IL REVIENT, ET IL N'EST PAS (VRAIMENT) CONTENT ...
Mon dernier message est du 26 septembre ... Trois mois sans rien dire (avoir à?) sur ce blog. Lassitude. Une forme de lassitude. Rien n'avance. Prendre la parole sur l'école n'obtient que l'irritation de l'interlocuteur, quand bien même il serait une interlocutrice. De Vous dites toujours la même chose à Tu radotes.
L'an passé je m'étais intéressé au rapport Mathiot sur le bac, au rapport Villani-Torossian sur les mathématiques. Les suites sont en cours, mais mon adhésion reste très prudente. J'aurais voulu bien plus de bouleversement au niveau du baccalauréat et je crains que le Villani-Torossian ne débouche pas sur grand-chose. Une opération "2019-2020, année des mathématiques" est en cours, je vois passer des tweets, des félicitations croisées à propos d'activités florissantes dans les établissements ... j'attends les retombées aux tests PISA, ou que l'on m'invite à participer, à me rendre dans les établissements pour apprécier de visu le dynamisme en marche, à rencontrer des profs. J'oubliais que je suis à la retraite, retombé dans l'ornière de la non-existence professionnelle, parole devenue inaudible, pékin sans épaisseur.

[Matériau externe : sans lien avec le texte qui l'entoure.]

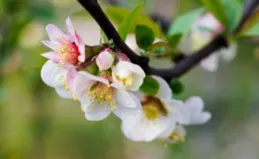 百花公園貼梗海棠「綻放」春意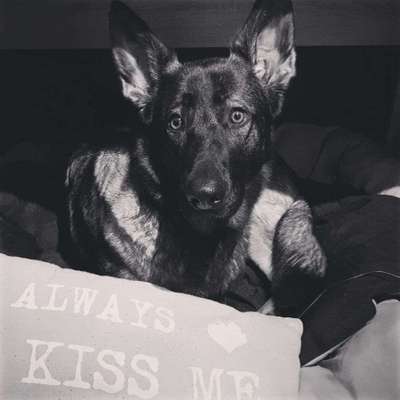 Lieblings Schnappschuss?-Beitrag-Bild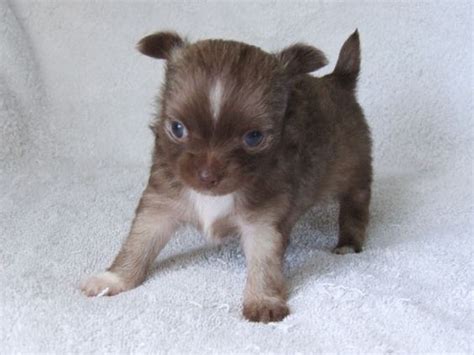 Long Hair Chiweenie Puppies For Sale - Long Hair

Il faut reconnaître que je ne me rends pas aimable quand j'essaie d'intervenir. A donner des avis négatifs qu'on ne vous demande pas sur des opérations promotionnelles, vous agacez, forcément. Mais enfin, comment positiver? Rien n'est satisfaisant tant les responsables s'occupent de tout, sauf de l'essentiel.
Un seul exemple; je viens de lire l'ouvrage collectif chapeauté par Stanislas Dehaene, La science au service de l'Ecole. Neuroscientifique, professeur au Collège de France, S. Dehaene préside le Conseil Scientifique de l'Education nationale, fort de près de trente membres qui n'ont, comme lui, à peu près aucune compétence de terrain dans le domaine de l'enseignement, de la classe, du réel pédagogique. Le livre en question m'a semblé totalement vain, totalement à côté du problème posé par les mauvaises performances du système éducatif français aux tests internationaux, se contentant de propos vagues et de voeux pieux pour parer aux faiblesses de notre système d'enseignement, réfugié dans les élucubrations de surface de cette pseudo-science que sont les Sciences de l'Education, filière universitaire permettant de se parer de thèses et de titres qu'on aurait été bien incapable d'acquérir dans quelque science dure que ce soit, et qui veut maintenant trouver dans la psychologie cognitive de nouvelles occasions de se hausser du col en jargonnant savant.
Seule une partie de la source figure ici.